The crankshaft 914, 924 is attached to the piston 910b, 920b
through a piston holder 915, 925. Here, the positions of the
crankshafts attached to the gear 913 are different in attachment
radius so that the amount of stroke of the piston 910b is different
from that of the piston 920b, and they are attached to positions
90.degree. out of phase. Furthermore, the stroke of the piston 920b
of the second pulsation generating section 92a is adjusted so as to
be shorter than the stroke of the piston 910b of the first
pulsation generating section 91a and driven 90.degree. out of
phase. Thus, because the operation of the pistons 910b, 920b is
adjusted in advance by the attachment positions of the crankshafts
914, 914 on the gear 913, it is possible to cause the pulsation
generating section 90a to perform a predetermined operation by a
simple control of only turning on/off the energization switch of
the motor.
[0300] When a user selects and pushes the washing button, the motor
911 is energized to rotate the rotary shaft. Thus, the pistons
910b, 920b are vertically reciprocated through the gears 912, 913,
the crankshaft 914, and the piston holders 915, 925.
[0301] When the pressurizing chamber is filled with wash water, if
the piston 910b (920b) moves from the lower dead center (original
position) to the upper dead center, the volume of the pressurizing
chamber decreases. Hence, the wash water is pressurized and driven
toward the supply water conduit 75.
[0302] Subsequently, in return from the upper dead center to the
lower dead center (original position), the pressure in the
pressurizing chamber decreases, and the umbrella packing 910f, 920f
opens to allow wash water to flow into the pressurizing chamber.
Subsequently, at the next time of piston movement, the wash water
is pressurized again. This process is successively performed to
generate pressure variation, or pulsation. Here, the stroke of the
piston 920b is adjusted to be approximately half the stroke of the
piston 910b and 90.degree. out of phase. However, the cycle is the
same. Although the pressurizing time is equal, the piston 920b has
a short stroke, and hence can form a large first water drop by
gradual pressurization. On the other hand, the piston 910b has a
long stroke, and hence can form a region of high pressure by
rapidly increasing the pressure. Thus, it can form a second water
drop having a fast velocity.
[0303] Next, a sanitary washing device according to a fifth
embodiment is illustrated.
[0304] FIG. 27 is a timing chart showing the pressure variation of
wash water and the voltage waveform applied to the pulsation
generating device.
[0305] FIG. 28 is a timing chart showing the velocity (initial
velocity) of wash water immediately after discharge from the water
discharge port.
[0306] Here, the upper row of FIG. 27 is a timing chart
illustrating the pressure variation of wash water.
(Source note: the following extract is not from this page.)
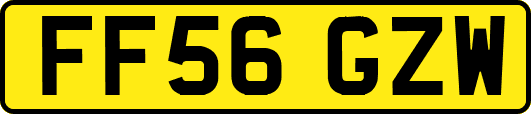 FF56GZW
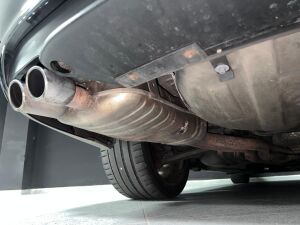 BMW 330i e46 Touring - 2002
The lower row of
FIG. 27 is a timing chart illustrating the voltage waveform applied
to the pulsation generating device.
[0307] The components similar to those described above are labeled
with like reference numerals, and the description thereof is
omitted.
[0308] In this embodiment, as shown in FIG. 27, the pulse-like
voltage applied to the pulsation generating coil 74d of the
pulsation generating device 74 has a voltage waveform in which two
rectangular waves with different on-times are combined during one
cycle. The pressure change and velocity change of wash water
immediately after discharge from the water discharge port caused by
this control are illustrated with reference to the motion of the
plunger 74c of the pulsation generating device 74. The voltage of
the voltage waveform shown in FIG. 27 is applied to the pulsation
generating coil 74d of the pulsation generating device 74.
[0309] When the voltage is applied to the pulsation generating coil
74d of the pulsation generating device 74 with on-time T1, a
current flows. Hence, the pulsation generating coil 74d is excited,
and the plunger 74c is magnetized. Then, if the plunger 74c is
magnetized, the plunger 74c is attracted to the side of the
pulsation generating coil 74d, that is, to the downstream side.
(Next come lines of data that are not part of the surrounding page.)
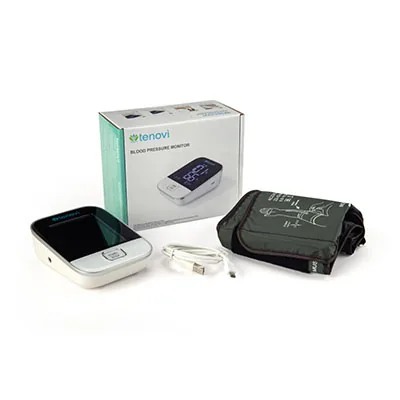 Tenovi blood pressure monitor offered in Nsight Health’s device lineup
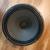 16 ohm Celestion Midnight 60 Speaker 2 thumbnail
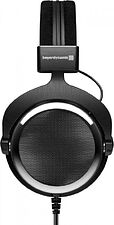 Наушники Beyerdynamic DT 880 Chrome Special Edition (250 Ohm) Наушники Beyerdynamic DT 880 Chrome Special Edition (250 Ohm)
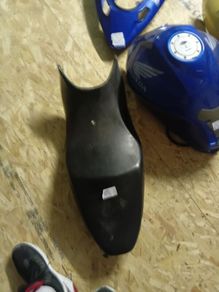 600 hornet 1999 /2004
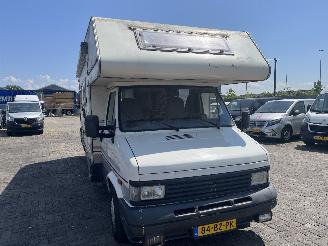 škoda osobní automobily Peugeot J5 J5 (290L) Chassis-Cabine 2.5TD (CRD93LS(U25-673)) [70kW]  (10-1990/02-=
1994) 1994/4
[0310] By this attraction to the downstream side, the return spring
74f is compressed to accumulate elastic energy, and simultaneously
pressurizes wash water to the highest pressure P4. At this time,
the velocity of wash water discharged from the water discharge port
401 is maximized (V4). That is, when the plunger 74c is attracted
to the downstream side, the return spring 74f is compressed, and
elastic energy is accumulated therein. Simultaneously, wash water
is pressurized by the plunger 74c. Here, when the pressure of wash
water reaches the highest pressure P4, the velocity of wash water
discharged from the water discharge port 401 is maximized (V4).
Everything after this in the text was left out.